AMBLER, Charles (1721-94), of Stubbings Park, Bisham, Berks.

Published in The History of Parliament: the House of Commons 1754-1790, ed. L. Namier, J. Brooke., 1964
Available from Boydell and Brewer

Constituency

Dates

14 Feb. 1769 - 1774
24 Apr. 1775 - 1780
1780 - 1784
1784 - 1790

Family and Education

b. 19 Apr. 1721, 2nd s. of Humphrey Ambler, barrister, of Stubbings by his w. Ann Breame. educ. M. Temple 1736, called 1742; L. Inn 1757, bencher 1758; K.C. 1761. m. Anne, da. of Nicholas Paxton, solicitor to the Treasury, s.p.

Offices Held

Solicitor-gen. to the Queen 1771-82; attorney-gen. to the Queen 1782- d.

Biography

Ambler seems to have had an interest at Bramber. It is not clear when or how he acquired it, but on Oct. 1767 Newcastle wrote to Lord Winterton:1 ‘I have been informed that the Marquess of Granby has bought all the Windsor votes in Bramber, of Mr. Ambler; and that my Lord Granby is to ... bring in Mr. Ambler for Bramber at the next election.’ Ambler and Thomas Thoroton, Granby’s two candidates, were defeated but returned on petition. Unlike the rest of the Rutland group who in 1770 went into opposition, Ambler voted with the court throughout this Parliament except on Grenville’s Election Act, 25 Feb. 1774, when he voted in opposition. He made several speeches on different subjects, usually of a legal character.

In 1774 Ambler was deprived of his seat at Bramber by a compromise restricting the Rutland family to one seat which was left to Thoroton, though John Baker in his diary (25 Apr.) calls Ambler a ‘favourite’ of Rutland. No other seat was found for him, but in 1775 he was returned for Newtown after Harcourt Powell had vacated his seat and conveyed his interest to Sir Richard Worsley. Ambler again consistently supported Administration, and in 1780 the English Chronicle wrote that he was ‘one of the heaviest and most steady of Lord North’s phalanx, known by the nickname of Tully Ambler, an ironical title which he does not owe to his abilities’.
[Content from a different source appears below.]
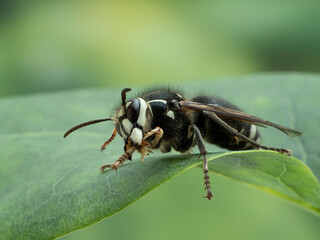 P7310027 bald faced hornet, Dolichovespula maculata, cleaning its front leg cECP 2021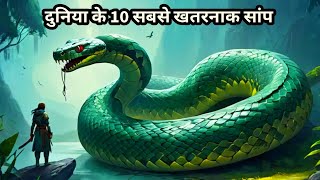 Duniya ke 10 Rahasyamayi Snakes  दुनिया के 10 सबसे खतरनाक सांप  Most Dangerous Snakes  Mysterious [upl. by Warring]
At the 1780 general election Ambler was returned unopposed on the Duke of Newcastle’s interest at Boroughbridge. His name does not appear in any of the lists on the important divisions between December 1781 and March 1782, and he did not vote on Shelburne’s peace preliminaries, 18 Feb. 1783. He is reported to have spoken only twice during this Parliament: in favour of retaining the Act for regulating marriages, 15 June 1781, and against the custom house reform bill, 21 May 1783.

On 23 Mar. 1784 William Pitt wrote to the Duke of Rutland: ‘The Duke of Newcastle will positively not bring in Ambler; but we will certainly take care of him in the manner you wish.’2 And Ambler was returned for Saltash on the Administration interest. His attendance seems again to have been irregular—his only reported vote was with Administration on the Regency, 16 Dec. 1788. No speech of his in this Parliament is known.

In 1790 he published Reports on Cases in Chancery, 1737-83. He died 28 Feb. 1794.

Ref Volumes: 1754-1790

Author: Mary M. Drummond

Notes

  • 1. Add. 32985, f. 345.
  • 2. Corresp. between Charles, Duke of Rutland and Wm. Pitt , 10.